In what it said was a highly unusual step, Comcast sent a letter to the Federal Communications Commission Tuesday seeking an “expedited full commission review” of the agency’s denial of the company’s waiver request for certain low-cost set-top boxes.
The country’s largest cable company requested that the FCC reverse the “fatally flawed” decision “with all due speed.”
The FCC’s Media Bureau Jan. 10 turned down Comcast’s waiver request to have three low-end digital set-tops exempt from the ban on set-tops with integrated security features, set to go into effect July 1.
“Given the importance of this issue to Comcast and its customers -- and the rest of the cable industry -- timely action is of the essence,” Comcast wrote in its letter, dated Jan. 30.
The operator’s letter said the FCC’s denial was based on “a distorted reading of previous guidance by the full commission, while adding some new and irrational standards for waiver … fabricated out of whole cloth.”
Comcast also noted that the FCC’s Media Bureau issued the denial 266 days after the operator filed its waiver request and pointed out that the Telecommunications Act of 1996 requires the agency to act on such requests within 90 days. “The failure of the bureau to act in a timely fashion on a soundly reasoned request for waiver … is inexplicable,” the company added.

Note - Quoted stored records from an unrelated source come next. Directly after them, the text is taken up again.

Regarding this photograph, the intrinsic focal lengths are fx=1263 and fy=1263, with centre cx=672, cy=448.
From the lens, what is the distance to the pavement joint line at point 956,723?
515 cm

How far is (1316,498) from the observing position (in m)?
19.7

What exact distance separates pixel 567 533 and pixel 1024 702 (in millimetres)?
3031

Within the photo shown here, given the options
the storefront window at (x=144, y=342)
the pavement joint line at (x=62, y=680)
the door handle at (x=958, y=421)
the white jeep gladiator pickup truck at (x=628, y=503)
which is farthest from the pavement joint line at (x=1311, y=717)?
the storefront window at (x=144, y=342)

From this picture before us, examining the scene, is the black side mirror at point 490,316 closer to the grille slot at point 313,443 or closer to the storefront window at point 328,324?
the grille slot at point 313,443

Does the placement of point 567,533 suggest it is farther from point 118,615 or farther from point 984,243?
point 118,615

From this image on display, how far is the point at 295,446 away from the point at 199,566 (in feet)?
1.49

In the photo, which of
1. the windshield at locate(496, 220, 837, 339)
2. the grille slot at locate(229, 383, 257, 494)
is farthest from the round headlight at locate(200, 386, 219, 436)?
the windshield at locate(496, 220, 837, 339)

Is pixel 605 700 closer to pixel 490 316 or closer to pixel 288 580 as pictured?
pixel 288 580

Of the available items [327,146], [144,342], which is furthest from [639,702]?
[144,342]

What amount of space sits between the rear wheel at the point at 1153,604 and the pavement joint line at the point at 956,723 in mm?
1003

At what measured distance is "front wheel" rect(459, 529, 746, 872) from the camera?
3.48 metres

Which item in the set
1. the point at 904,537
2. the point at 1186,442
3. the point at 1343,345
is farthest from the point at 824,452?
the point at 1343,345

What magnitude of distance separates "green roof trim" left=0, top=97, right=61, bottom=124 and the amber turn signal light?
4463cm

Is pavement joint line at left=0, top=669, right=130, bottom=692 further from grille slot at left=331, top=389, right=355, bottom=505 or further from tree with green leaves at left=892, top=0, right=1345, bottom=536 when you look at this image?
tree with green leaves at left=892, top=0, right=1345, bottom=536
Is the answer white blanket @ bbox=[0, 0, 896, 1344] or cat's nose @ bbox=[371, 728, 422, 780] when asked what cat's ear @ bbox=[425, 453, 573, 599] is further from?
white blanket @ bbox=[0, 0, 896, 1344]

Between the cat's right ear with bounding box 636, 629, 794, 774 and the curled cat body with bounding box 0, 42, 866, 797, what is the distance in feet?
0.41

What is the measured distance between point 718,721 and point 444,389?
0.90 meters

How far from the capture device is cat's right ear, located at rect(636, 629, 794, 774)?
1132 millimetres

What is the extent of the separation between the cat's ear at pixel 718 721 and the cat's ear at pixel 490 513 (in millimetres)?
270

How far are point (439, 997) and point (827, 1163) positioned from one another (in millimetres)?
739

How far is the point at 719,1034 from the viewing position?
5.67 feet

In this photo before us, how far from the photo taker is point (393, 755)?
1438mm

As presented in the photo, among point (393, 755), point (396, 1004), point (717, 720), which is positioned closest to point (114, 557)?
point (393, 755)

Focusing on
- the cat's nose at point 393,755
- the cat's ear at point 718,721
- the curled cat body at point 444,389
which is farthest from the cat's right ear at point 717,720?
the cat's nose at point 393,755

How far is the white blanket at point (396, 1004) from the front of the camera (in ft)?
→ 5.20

The company’s letter continued: “In decades of experience with the commission, Comcast has never found itself placed in such a difficult position, forced to incur (and to pass along to its customers) substantial costs that are counterbalanced by no public benefit … Therefore, Comcast must take the highly unusual step of appealing to the sound judgment of the full commission to promptly reverse the bureau order and grant the requested waiver.”
At the Consumer Electronics Show earlier this month in Las Vegas, FCC chairman Kevin Martin said he believed it was “time for us to move forward” on the issue.
“I think the [FCC] should be saying no to some of the largest carriers,” he said at the conference. “Comcast has a waiver in front of us where they are asking just for a further delay without any kind of a date certain on when they will be able to develop downloadable security. I think it's time for us to move forward.”
On April 19, 2006, Comcast requested waiver of the integration ban as applied to Motorola’s DCT-700, Scientific Atlanta’s Explorer 940 and Pace Micro Technologies’ Chicago set-top boxes.